Short descriptive text snippets
- Opening Delimiter -

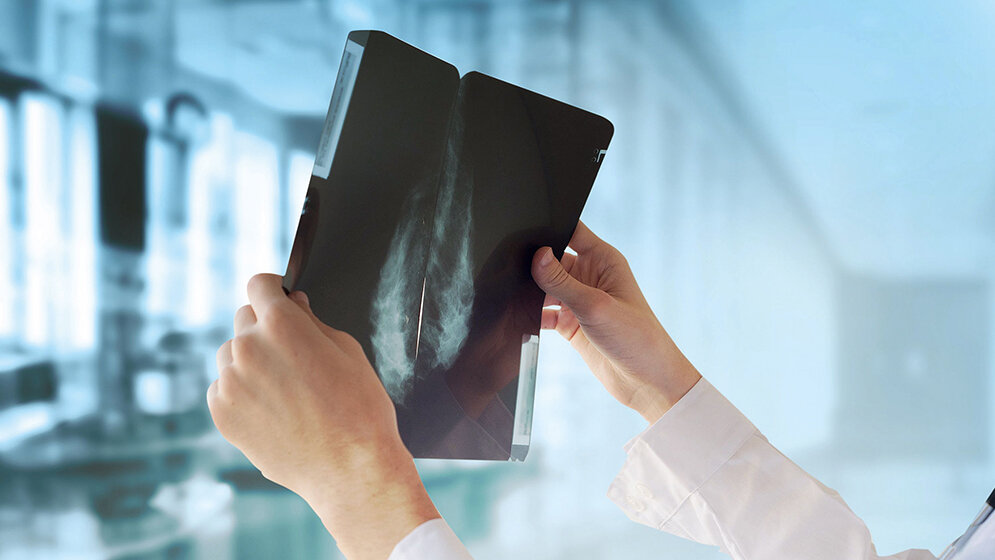 Overdiagnosis – Less is More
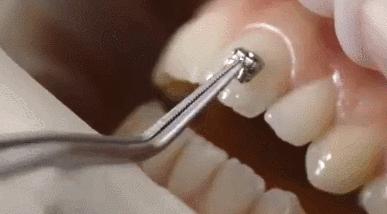 牙齿脱矿涂氟多久可以恢复,牙齿脱矿白斑能自己恢复吗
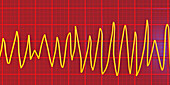 Torsades de pointes heartbeat rhythm, illustration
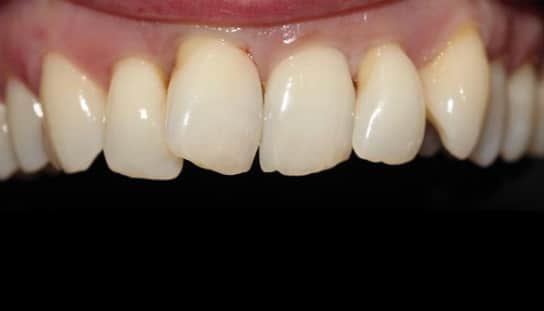 Before - Montpelier Dental Care
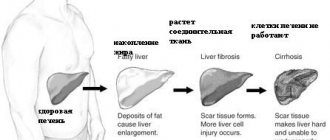 Development of cirrhosis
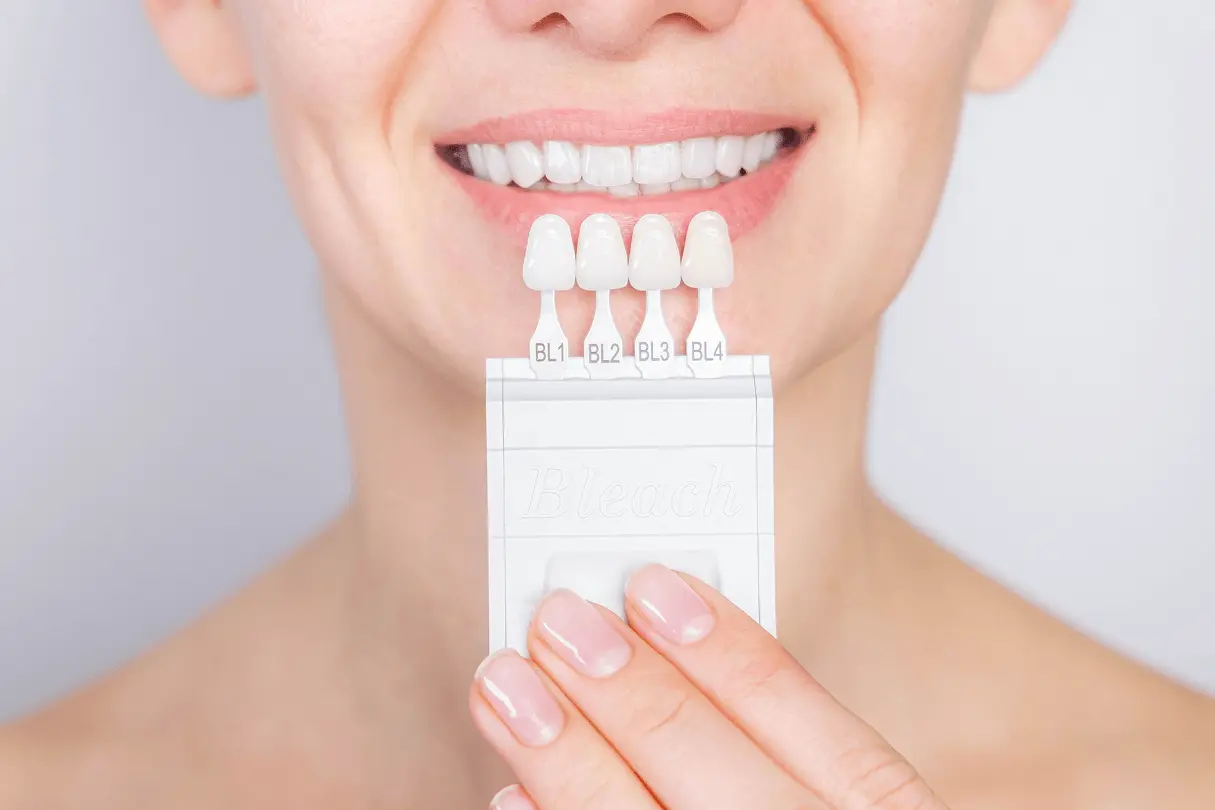 Primo piano del sorriso di una donna con denti bianchi affiancato da una guida di campioni di colore "Bleach" da BL1 a BL4.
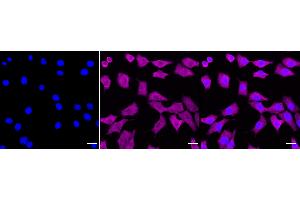 Immunocytochemical staining of C2C12 cells with Galectin 1 antibody (ABIN7799243), 1:1,000). (Recombinant LGALS1/Galectin 1 抗体)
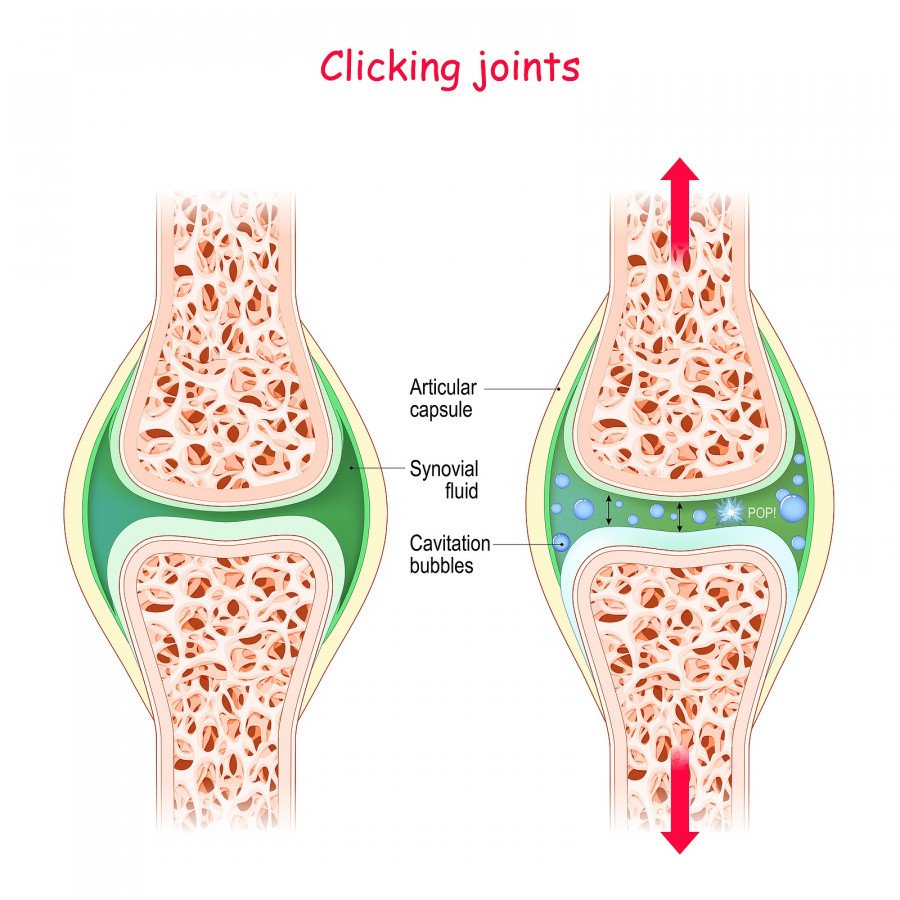 Joints And Popping Sound. Physiological Mechanism Of Cavitation.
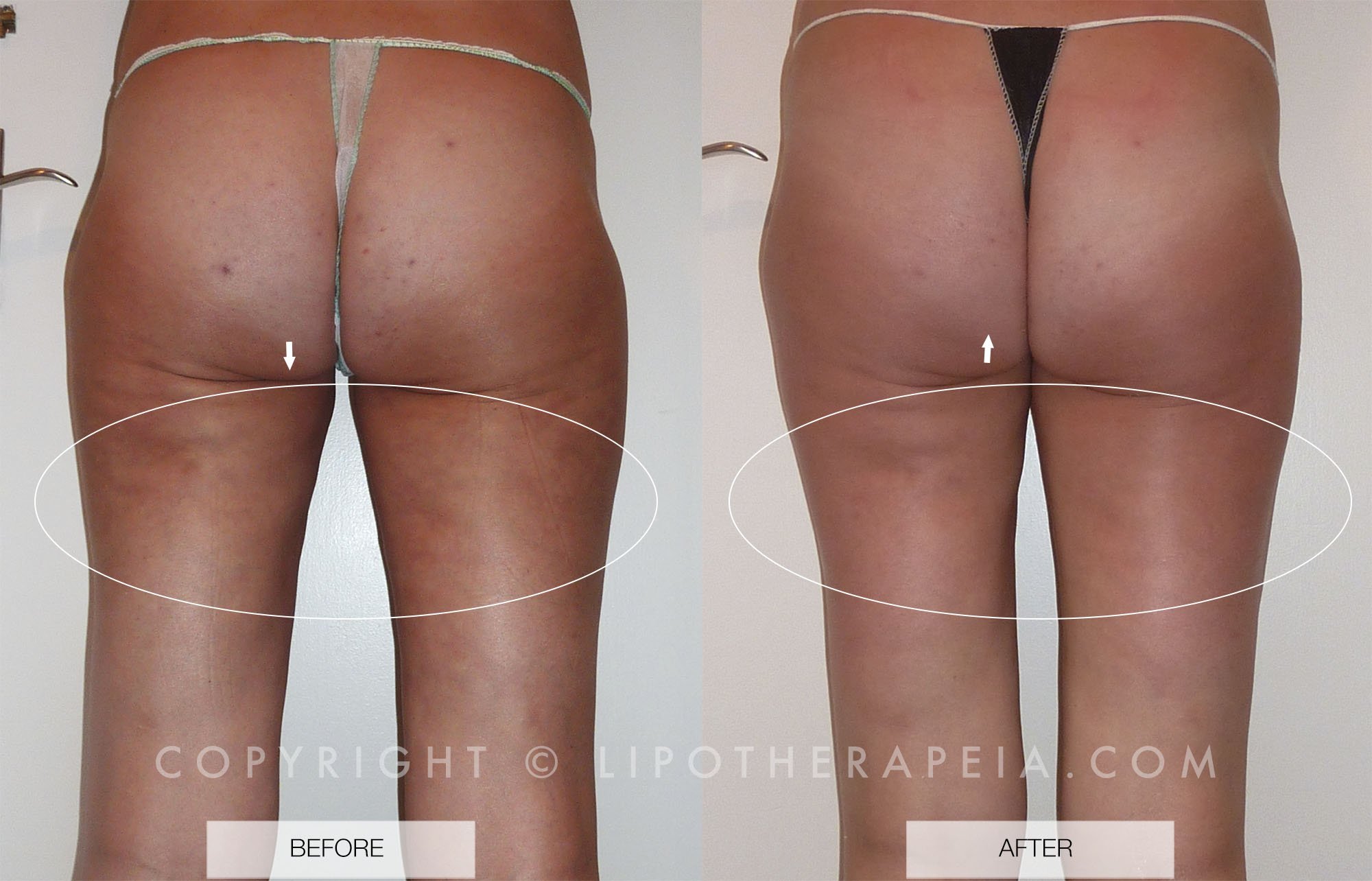 Cellulite before and after pictures #8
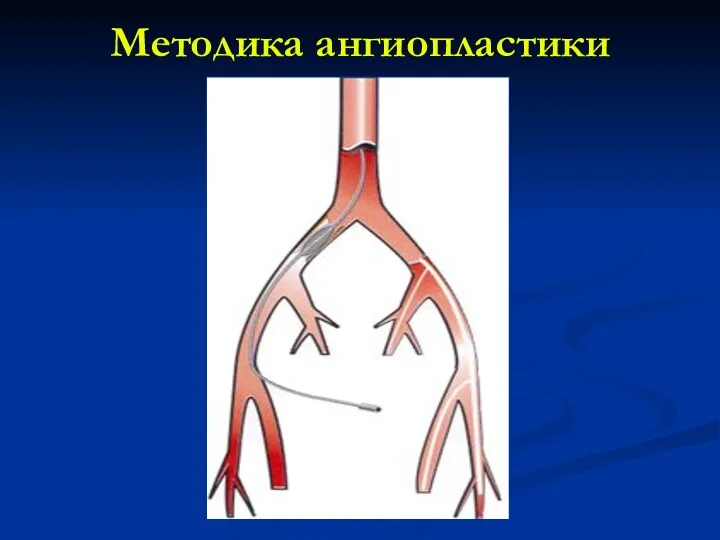 Методика ангиопластики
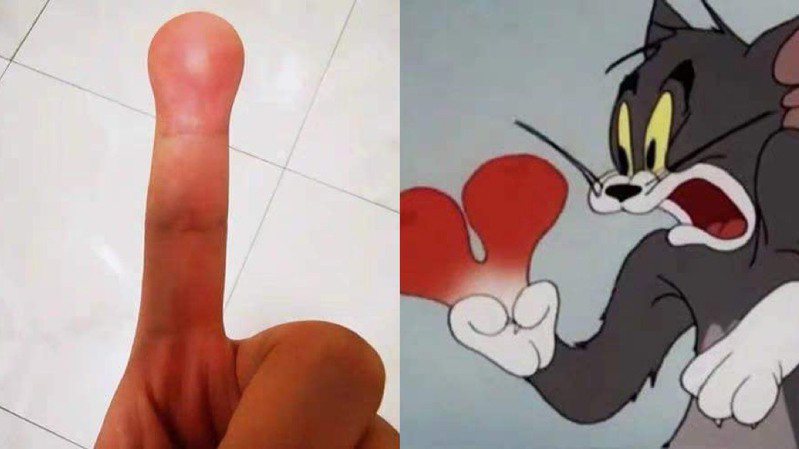 網友的手指頭與卡通「湯姆貓與傑利鼠」腫的一樣。圖／翻攝自爆廢公社二館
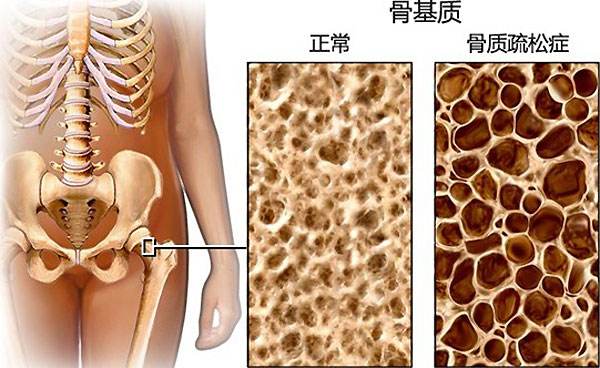 骨质健康问题.jpg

- Closing Delimiter -

- [PROBLEM DESCRIPTION]: Please retype exactly the lines from the line containing "牙齿脱矿涂氟多久可以恢复,牙齿脱矿白斑能自己恢复吗" through the final line of the records above, inclusive, leaving out any pictures.

- [SOLUTION FOR THIS PROBLEM]:
 牙齿脱矿涂氟多久可以恢复,牙齿脱矿白斑能自己恢复吗
 Torsades de pointes heartbeat rhythm, illustration
 Before - Montpelier Dental Care
 Development of cirrhosis
 Primo piano del sorriso di una donna con denti bianchi affiancato da una guida di campioni di colore "Bleach" da BL1 a BL4.
 Immunocytochemical staining of C2C12 cells with Galectin 1 antibody (ABIN7799243), 1:1,000). (Recombinant LGALS1/Galectin 1 抗体)
 Joints And Popping Sound. Physiological Mechanism Of Cavitation.
 Cellulite before and after pictures #8
 Методика ангиопластики
 網友的手指頭與卡通「湯姆貓與傑利鼠」腫的一樣。圖／翻攝自爆廢公社二館
 骨质健康问题.jpg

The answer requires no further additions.